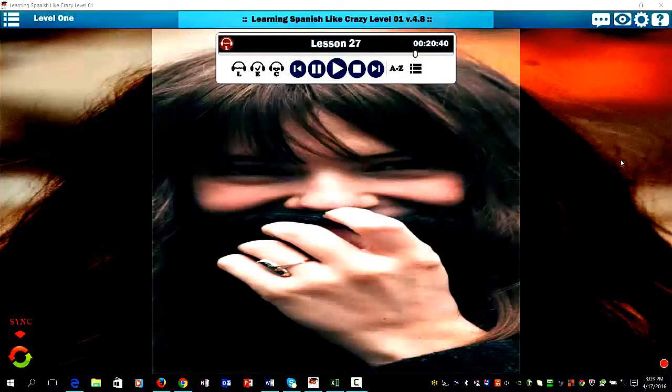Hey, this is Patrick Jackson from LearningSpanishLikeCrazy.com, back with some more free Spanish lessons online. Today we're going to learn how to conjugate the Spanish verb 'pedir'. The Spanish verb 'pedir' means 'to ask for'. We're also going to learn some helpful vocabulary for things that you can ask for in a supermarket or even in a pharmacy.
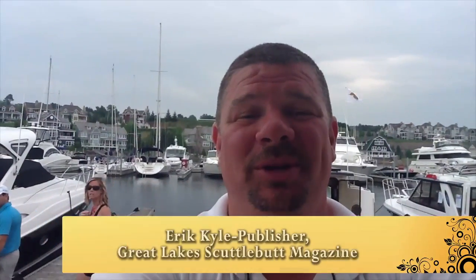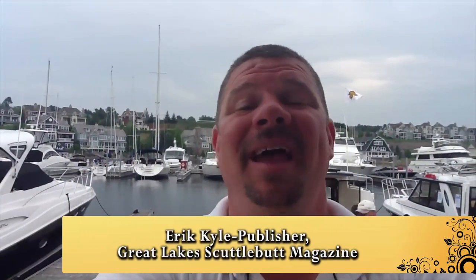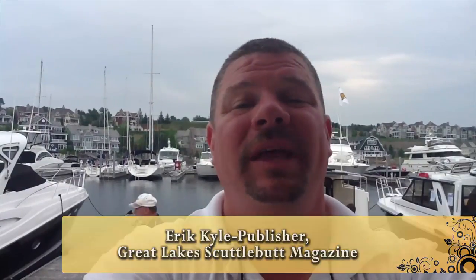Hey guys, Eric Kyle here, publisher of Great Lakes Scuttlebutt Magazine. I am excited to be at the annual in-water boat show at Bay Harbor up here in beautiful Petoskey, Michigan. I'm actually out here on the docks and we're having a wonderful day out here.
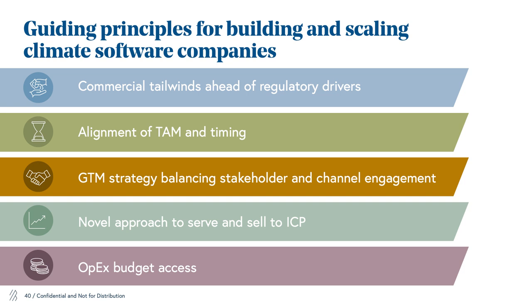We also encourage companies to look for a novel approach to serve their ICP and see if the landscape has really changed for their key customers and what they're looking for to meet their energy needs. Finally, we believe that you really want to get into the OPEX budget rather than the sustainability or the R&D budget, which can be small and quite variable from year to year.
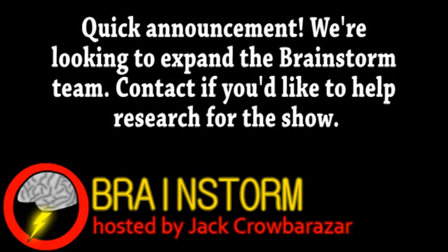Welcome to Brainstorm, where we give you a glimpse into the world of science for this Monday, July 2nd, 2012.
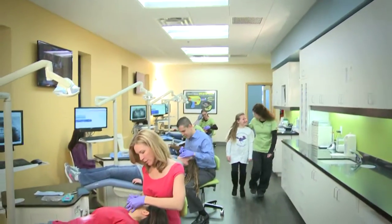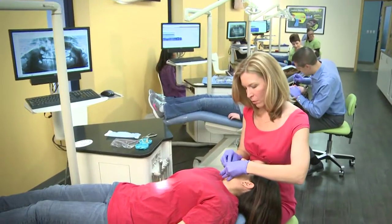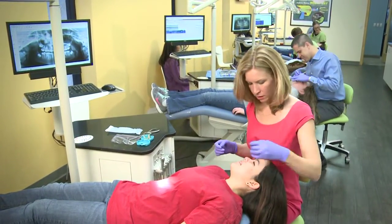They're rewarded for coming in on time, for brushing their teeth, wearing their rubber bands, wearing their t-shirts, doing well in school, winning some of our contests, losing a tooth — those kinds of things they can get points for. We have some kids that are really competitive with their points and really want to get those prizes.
◆ ◆ ◆ ◆ ◆
[The problem] An exact copy is needed of only the lines from the top of the material through the line with "Hey guys, Eric"; no pictures belong in it.

[Exercise answer]
Hey, this is Patrick Jackson from LearningSpanishLikeCrazy.com, back with some more free Spanish lessons online. Today we're going to learn how to conjugate the Spanish verb 'pedir'. The Spanish verb 'pedir' means 'to ask for'. We're also going to learn some helpful vocabulary for things that you can ask for in a supermarket or even in a pharmacy.
Hey guys, Eric Kyle here, publisher of Great Lakes Scuttlebutt Magazine. I am excited to be at the annual in-water boat show at Bay Harbor up here in beautiful Petoskey, Michigan. I'm actually out here on the docks and we're having a wonderful day out here.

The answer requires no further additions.